Stueckelberger made his comments at a news conference on Tuesday in Geneva, where the World Trade Organization, one of the targets of the campaign, is based.

The ecumenical campaign is promoting trade rules that recognise people's right to food and to "essential" services, such as water, as well as the regulation of trans-national corporations. The alliance brings together more than 85 church denominations and agencies from both rich and poor countries.

"The populations that are victims of the international system aren't always aware of the system that is at work," said the Rev. Woungly-Massaga Mamia Ebenezer, director of the African Protestant Church of Cameroon, an EAA participant. "They need to know that their condition isn't inevitable."
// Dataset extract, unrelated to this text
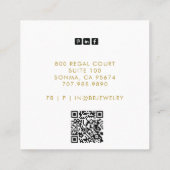 Elegante Sieraden Designer Goud Monogram Zwart Vierkante Visitekaartje (Achterkant)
A key feature of the initiative is a signature petition demanding that international rules governing trade take account of human beings, not just market forces.

"Market mechanics are seen in many parts of the world as natural law," said Stueckelberger, who is also a professor of ethics at the University of Basel. "Inequality is seen as a natural law that has always existed and will always exist. The churches say that economic structures are man-made and not natural."

The campaign is a Christian counterpart to a world-wide secular movement against exploitative trade. The Christian perspective brings an "added value", insisted Musimbi Kanyoro, general secretary of the World YWCA, another EAA member.

"What we bring to the table is a great amount of people who are already united, people who are historically connected, who have a variety of perspectives, people in marketing, lawyers, people who are affected [by unfair trade practices], people who make the decisions, the rich and the poor."